In 2009 a multi-year investment and rehabilitation program by the national government was approved, along with a multi-million dollar World Bank loan to Argentina. This program is the single largest urban environmental project undertaken by the international community within an individual city in any developing country. Its breadth, ambition, difficulty, and substantial financial resources make it an important experiment in development cooperation as well as urban environmental rehabilitation.

GPIA student work began on the 2010 Buenos Aires IFP, and for the last four years has been primarily informal and qualitative monitoring and evaluation of the efforts of national, provincial and local governmental and other institutional and civil society actors to remedy and develop the highly polluted area. The work was limited by not having a set of uniform indicators and a baseline that could be followed year-to-year. In this way, the project could not check back against a baseline to measure real impact and progress.

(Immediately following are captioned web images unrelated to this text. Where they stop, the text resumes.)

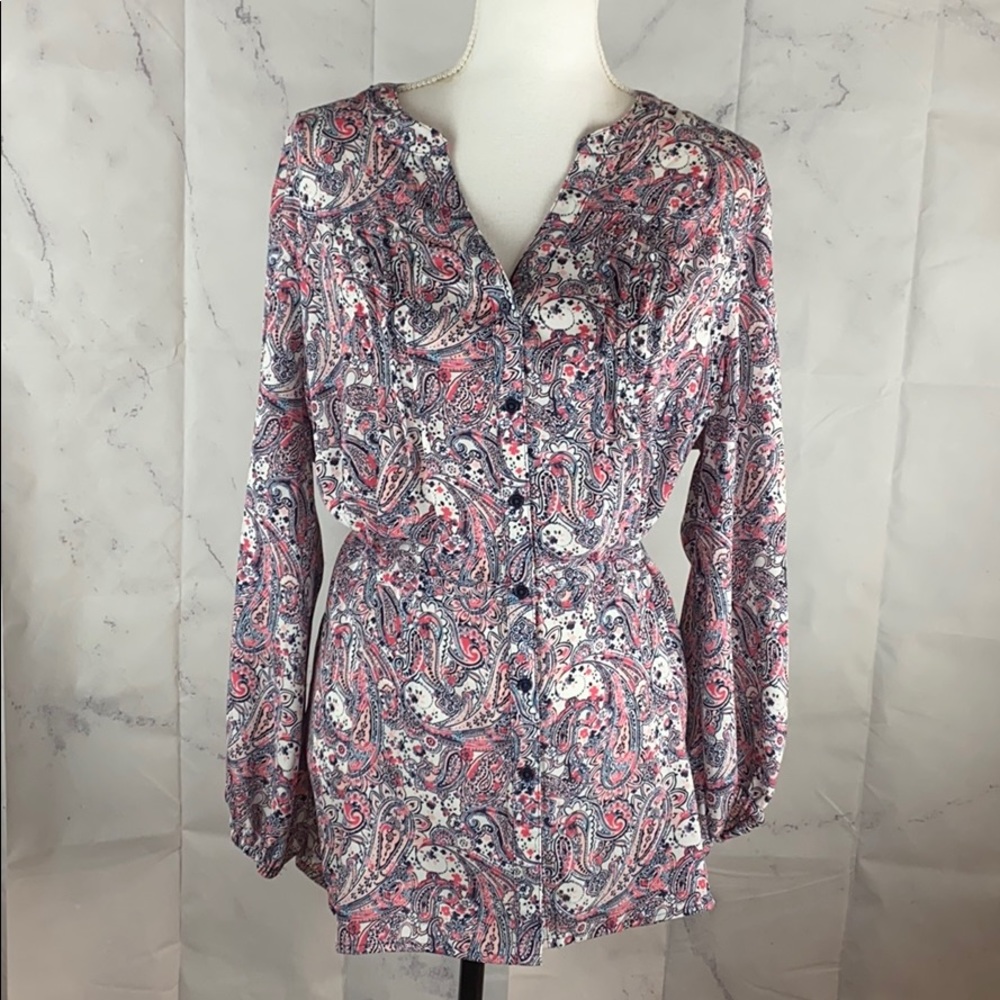 Terra & Sky Tie Waist Button Down Paisley Tunic 0X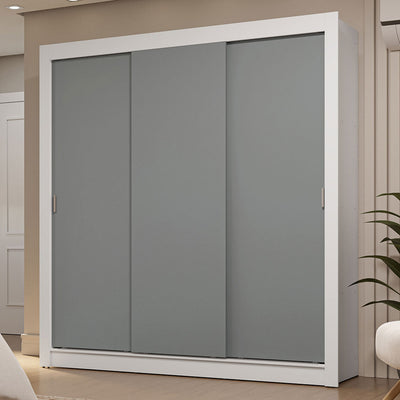 Clóset Matrimonial 170 cm 3 Puertas Corredizas 2 Cajones Blanco/Gris Sublime Madesa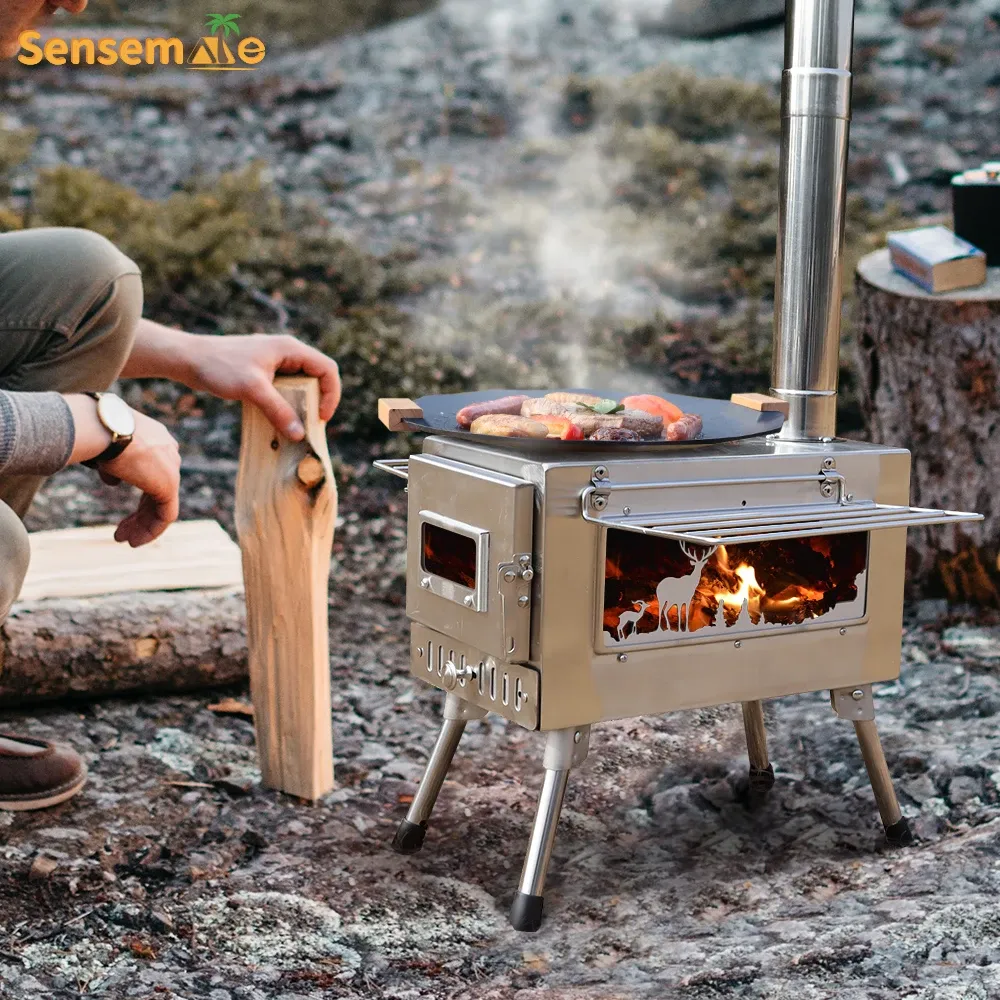 Griglie Grande stufa a legna portatile, acciaio inossidabile 304, tubo per finestra per riscaldamento tenda, lettino da campeggio, cucina per pesca sul ghiaccio, barbecue all'aperto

This PIA project seeks to accomplish two tasks:

1) Gather, review and summarize past years’ project work with the aim of developing an “after-the-fact” baseline for area conditions prior to 2010.

2) Install quantitative and qualitative measurable indicators so that the Argentina IFP 2014 cohort can conduct a baseline measurement.

This project would obviously benefit from the experience of IFP 2013 participants. However anyone with an interest in Monitoring and Evaluation is encouraged to join the project. Students who wish to participate in this project must enroll in Mark Johnson’s PIA I Project Design section.